Plan aims to boost socio-economic development, effect a ‘significant decline’ in stone throwing and other violence

The East Jerusalem neighborhood of Issawiya (photo credit: Miriam Alster/FLASH90)
The East Jerusalem neighborhood of Issawiya (photo credit: Miriam Alster/FLASH90)

The cabinet on Sunday approved a NIS 300 million ($90 million) socio-economic development plan for East Jerusalem that focuses on increased security and police presence in the area, the municipality said.

“One of the main goals of the plan that was approved is to bring about a significant decline in violence by means of integrated activity to reduce gaps in infrastructure, employment, education and social welfare and by boosting enforcement and personal security,” said a statement from city hall.

The plan involves an increase in the number of policemen on the beat as well as a greater number of security cameras.

“According to Israel police assessments, the plan will lead to a significant decline in the short- and medium-term of over 50 percent in displays of violence,” it said.

Police figures quoted by the municipality indicate that in March and April, there were 390 incidents of stone-throwing at the security forces and vehicles in East Jerusalem, as well as dozens of cars stolen and break-ins.

“These are offences with nationalist characteristics that are not perpetrated in a similar scope in other parts of the country,” it said.

“The basic assumption for the civic aspects of the plan is the existence of a deep link between the scope and level of violence by residents of eastern Jerusalem and the standard of living in neighborhoods in the eastern part of the city.

The plan includes improvements in infrastructure, the education system and improved social assistance, it said without saying how such objectives would be achieved.

Figures provided by the municipality said there were about 306,000 Palestinians living in East Jerusalem, whose civil status is that of residents, not citizens.

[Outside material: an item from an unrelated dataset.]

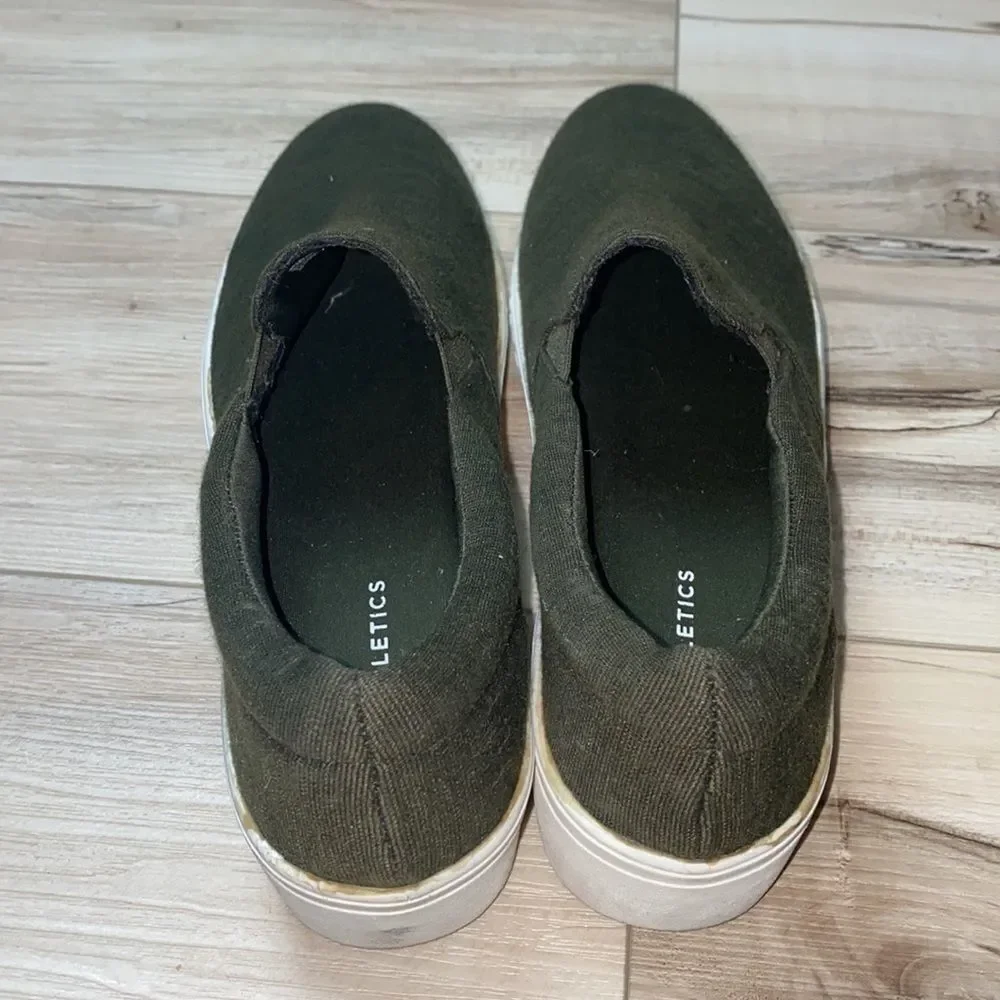 Fabletics Pier Comfort platform Olive Shoes  10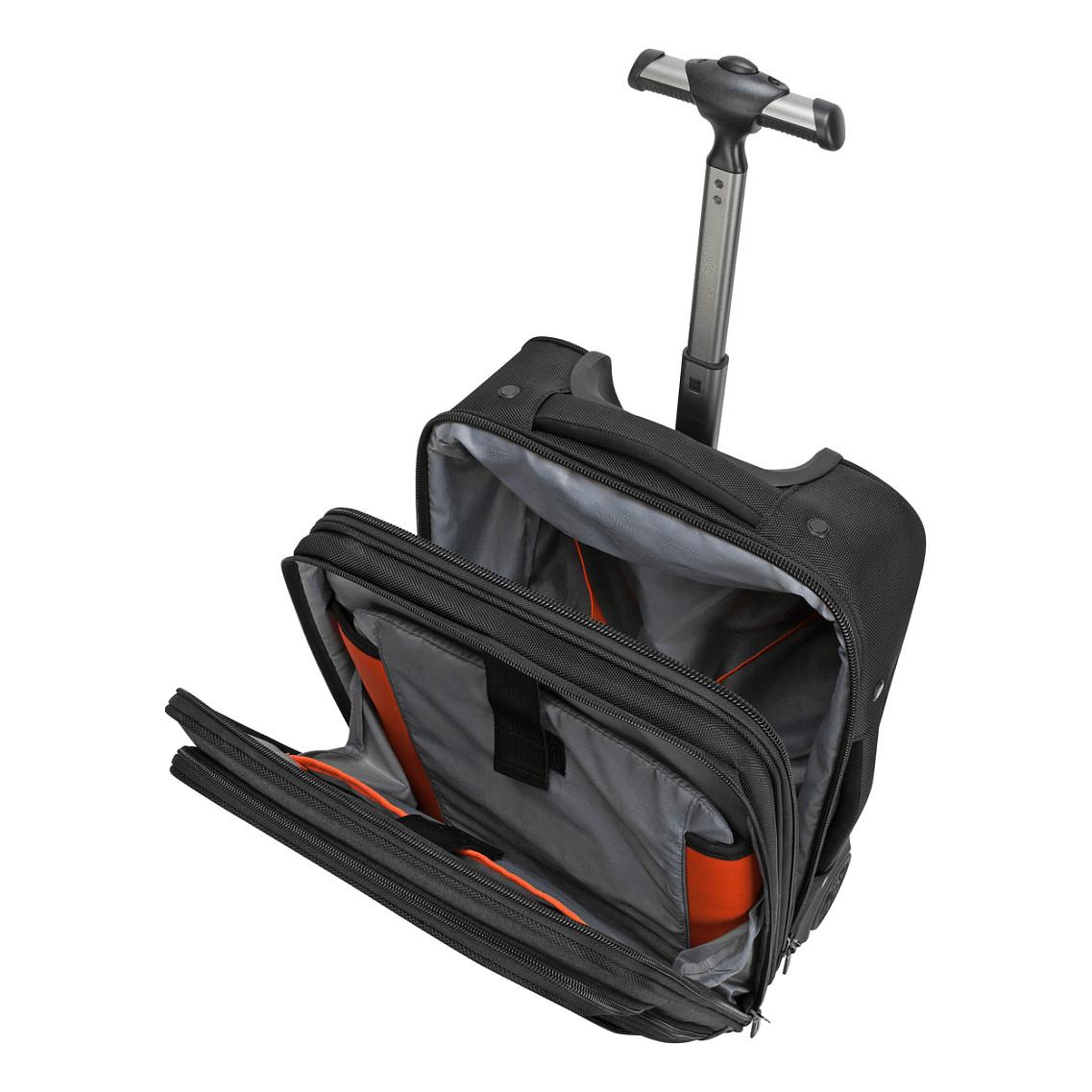Çantë për Laptop Targus CitySmart TBR038GL, 12–15.6", Trolley, 24 L, 2.81 kg - Zezë - 15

They account for 38 percent of the city’s overall population.

Israel captured the Arab eastern sector of Jerusalem during the 1967 Six Day War and later annexed it in a move that hasn’t been recognized by the international community.

But the Palestinians want the eastern sector of the city as capital of their promised state, with the city’s future one of the biggest issues of the conflict.

By choice, almost all Palestinians living in East Jerusalem hold permanent residency status, meaning they have Israeli IDs but not passports.

They are entitled to all the insurance benefits of Israeli citizens and can vote in municipal — but not national — elections.

They enjoy complete freedom of movement within the country, unlike their compatriots in the West Bank and the Gaza Strip, who cannot enter the Jewish state without special permits that are hard to obtain.